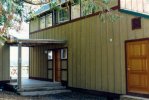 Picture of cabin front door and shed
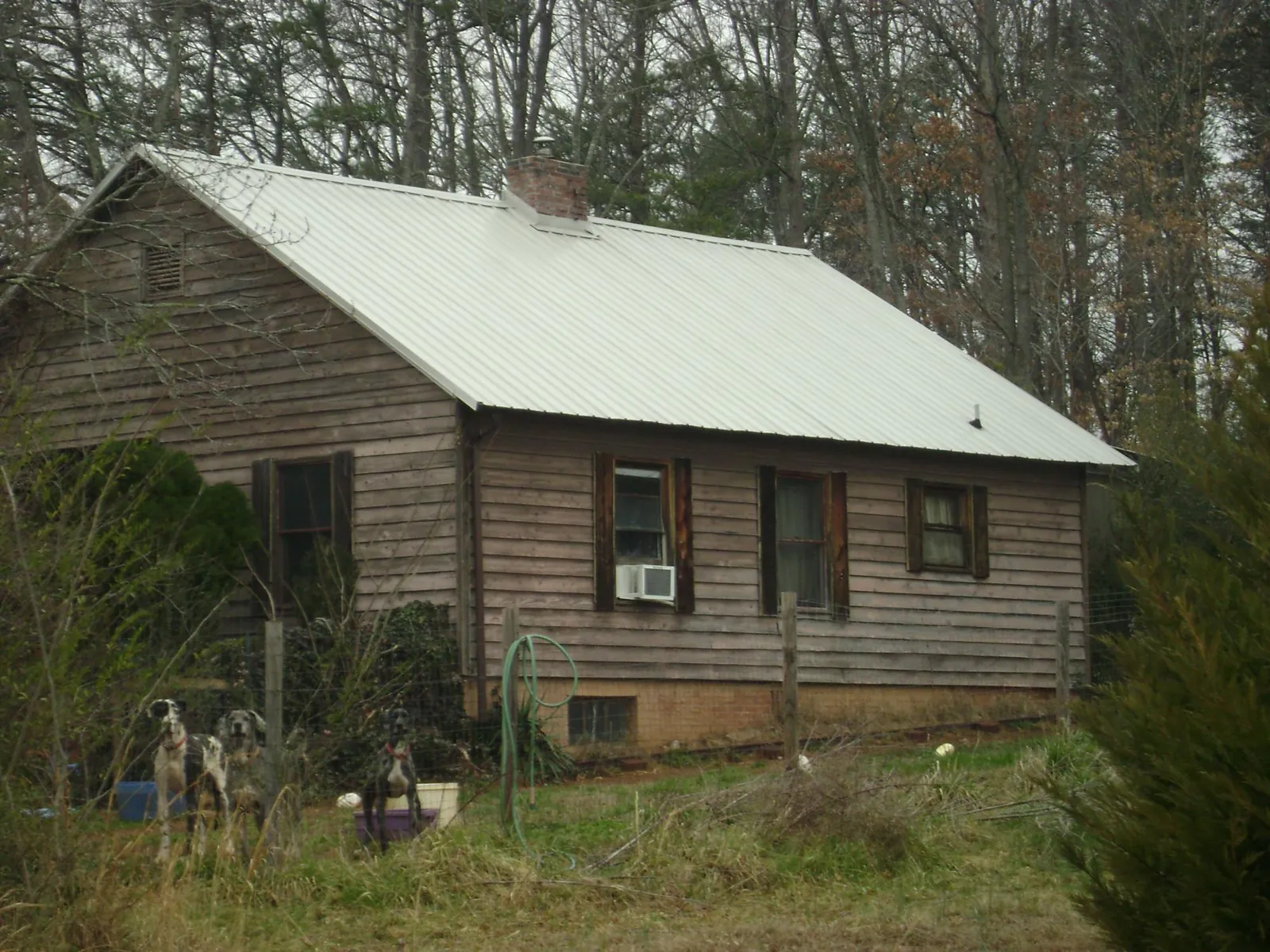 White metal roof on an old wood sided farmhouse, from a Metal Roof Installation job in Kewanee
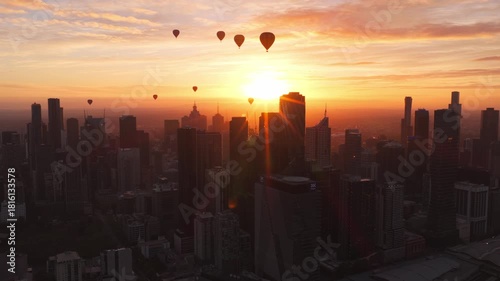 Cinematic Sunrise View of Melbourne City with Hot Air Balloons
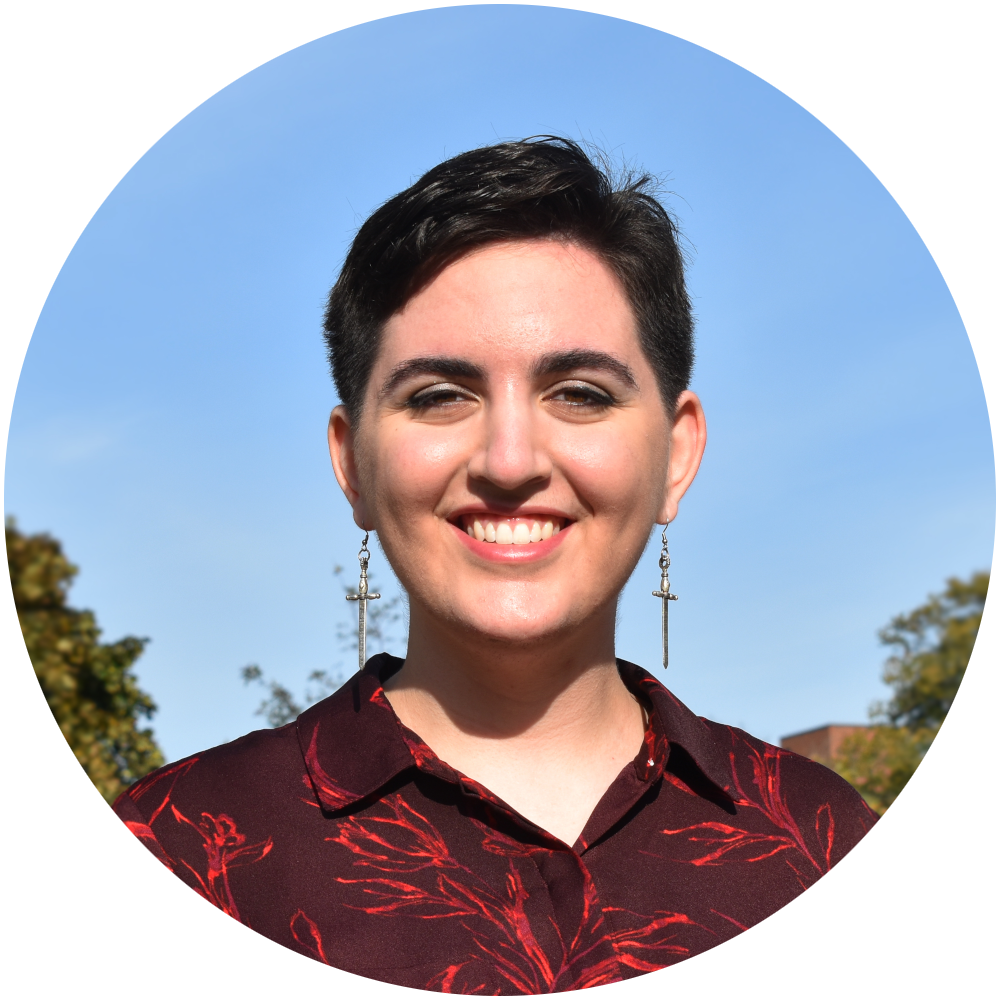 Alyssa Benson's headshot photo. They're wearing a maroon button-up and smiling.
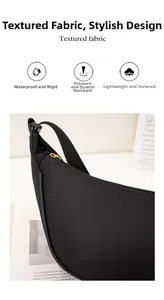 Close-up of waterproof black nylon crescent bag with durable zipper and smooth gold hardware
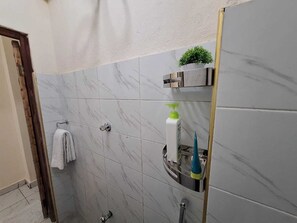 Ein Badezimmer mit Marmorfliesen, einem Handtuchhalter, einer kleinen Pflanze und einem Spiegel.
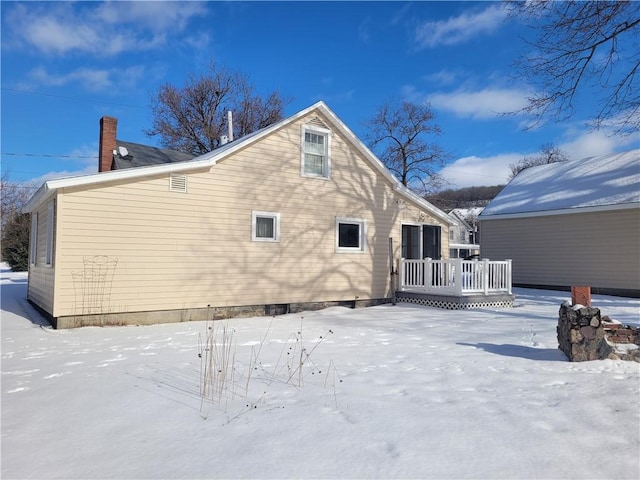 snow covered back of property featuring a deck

----------------

▶ [Your instructions]
Write out exactly the opening lines of the data, stopping after the line that holds "Close-up of waterproof". Exclude pictures.

▶ [Answer to the problem]
 Picture of cabin front door and shed
 White metal roof on an old wood sided farmhouse, from a Metal Roof Installation job in Kewanee
 Cinematic Sunrise View of Melbourne City with Hot Air Balloons
 Alyssa Benson's headshot photo. They're wearing a maroon button-up and smiling.
 Close-up of waterproof black nylon crescent bag with durable zipper and smooth gold hardware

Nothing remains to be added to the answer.